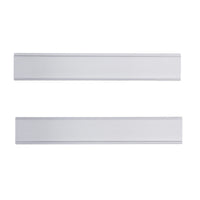 Thumbnail for ARB 1780500 Slimline Lens Cover Amber 2 Pack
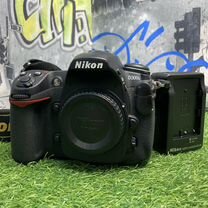 Nikon D300s 22.000 кадров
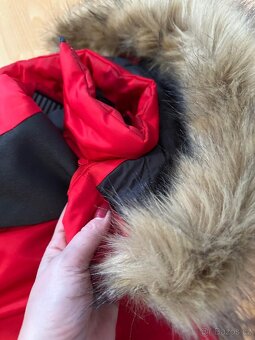 Zimní bunda UNCS - 10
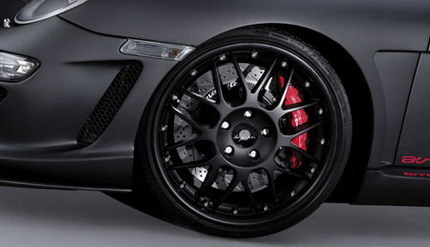 Gemballa Avalanche GTR600 Roadster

Task instructions: Give the data back exactly, omitting all pictures.

Response below:
 Thumbnail for ARB 1780500 Slimline Lens Cover Amber 2 Pack
 Nikon D300s 22.000 кадров
 Zimní bunda UNCS - 10
 Gemballa Avalanche GTR600 Roadster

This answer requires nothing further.